Algo así como si a Juan Carlos I le hubiera dado por cantar en público por Serrat. Y lo hubiera hecho bien.
Su reino, hoy por hoy, no es el del camelo. Su trono, disputado de tarde en tarde por guerrilleros heroicos y talentosos como Antonio Martínez Ares, se asienta sobre Camelot: un lugar en donde todavía es posible pensar que el carnaval puede llegar a ser caballeresco y no un palacio decadente en donde salen de las cortinas puñaladas por la espalda y abrazos de Judas.
Sus caballeros de la piera redonda levantaron en palmas el Gran Teatro Falla cuando la cenicienta del sábado se iba a dormir en una carroza que, visto lo visto, es muy improbable que este año se convierta en calabaza.
El es el rey Arturo de esas huestes: sus escudos llevan dibujada la rosa de los vientos y sus pieles son naturalmente ostioneras, atrincheradas en las almenas de La Caleta que, como el propio Martín ha escrito, «es la única playa del mundo en donde todas las piedras se llaman por su nombre».
El Partido Martinista
En cierta forma, Antonio Martín también se ha convertido en un partido político: sus simpatizantes alternan con sus detractores, sus fieles con sus disidentes. Quizá porque, a pesar del tiempo transcurrido, su audacia sigue siendo la del niño de la Cruz Verde y su sabiduría, la de un prejubilado.

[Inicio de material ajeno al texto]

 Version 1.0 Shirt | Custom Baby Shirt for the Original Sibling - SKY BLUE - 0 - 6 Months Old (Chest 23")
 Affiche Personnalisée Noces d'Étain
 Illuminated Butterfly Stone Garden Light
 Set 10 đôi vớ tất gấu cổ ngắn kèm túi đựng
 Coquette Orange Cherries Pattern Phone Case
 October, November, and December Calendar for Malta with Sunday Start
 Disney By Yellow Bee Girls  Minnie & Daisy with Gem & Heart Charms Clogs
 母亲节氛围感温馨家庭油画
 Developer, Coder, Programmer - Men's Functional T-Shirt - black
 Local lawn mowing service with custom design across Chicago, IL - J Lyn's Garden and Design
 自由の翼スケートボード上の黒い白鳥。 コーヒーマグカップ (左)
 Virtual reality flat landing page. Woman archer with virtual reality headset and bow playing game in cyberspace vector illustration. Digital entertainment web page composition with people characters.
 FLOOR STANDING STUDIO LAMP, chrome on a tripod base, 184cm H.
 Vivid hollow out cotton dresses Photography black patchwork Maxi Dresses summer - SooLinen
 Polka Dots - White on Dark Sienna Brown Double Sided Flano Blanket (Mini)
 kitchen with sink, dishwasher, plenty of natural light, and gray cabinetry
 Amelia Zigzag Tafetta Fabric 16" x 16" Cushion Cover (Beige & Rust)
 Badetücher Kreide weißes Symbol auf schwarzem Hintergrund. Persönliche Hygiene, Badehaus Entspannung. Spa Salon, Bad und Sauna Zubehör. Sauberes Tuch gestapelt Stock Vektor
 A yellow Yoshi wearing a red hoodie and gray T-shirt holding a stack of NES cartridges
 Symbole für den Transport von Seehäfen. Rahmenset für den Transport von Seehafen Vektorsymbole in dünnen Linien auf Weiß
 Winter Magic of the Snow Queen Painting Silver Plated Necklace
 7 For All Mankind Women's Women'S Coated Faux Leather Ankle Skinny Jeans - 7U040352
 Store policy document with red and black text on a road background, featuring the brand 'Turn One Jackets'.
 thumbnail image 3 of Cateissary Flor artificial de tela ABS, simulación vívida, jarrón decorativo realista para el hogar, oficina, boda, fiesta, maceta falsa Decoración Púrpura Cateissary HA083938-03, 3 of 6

Martinistas y antimartinistas consolidan su leyenda. Consciente de su valía pero humilde, obrero y artista, licenciado en la calle pero transeúnte por los libros.
Sigue siendo audaz como el príncipe valiente. Y no es que, desde antiguo, sepa que de los cobardes nunca se ha escrito nada, sino que necesita respirar el aire del peligro, arriesgar en cada pasodoble, hacer fintas con el estilete del cuplé y gritar la orden de a la carga con la caballería ligera del popurrit.
Sus coplas, también lo ha dicho, pretenden atravesar el corazón de quienes las sientan, como si fuesen una tizona de palabras.
Una corte que es Cádiz
Su corte es la de un Cádiz ideal, el que él fue construyendo en ese imaginario que cada año se retroalimenta en el repertorio de las agrupaciones de carnaval. Ese Cádiz rebelde, demasiado acostumbrado a la realidad de los pesebres. Ese Cádiz orgulloso de la tradición que, sin embargo, es capaz de vender su alma a la primera productora cinematográfica que lo intente. Ese Cádiz, oé.
Como él mismo ha escrito y como cantan los suyos, cuando no hay evolución hace falta revolución. ¿Será capaz Antonio Martín de derrocarse a sí mismo? Capaz y capataz, lo juro por Los Tarantos. Aunque no se llame Arturo, conserva guardado el Santo Grial.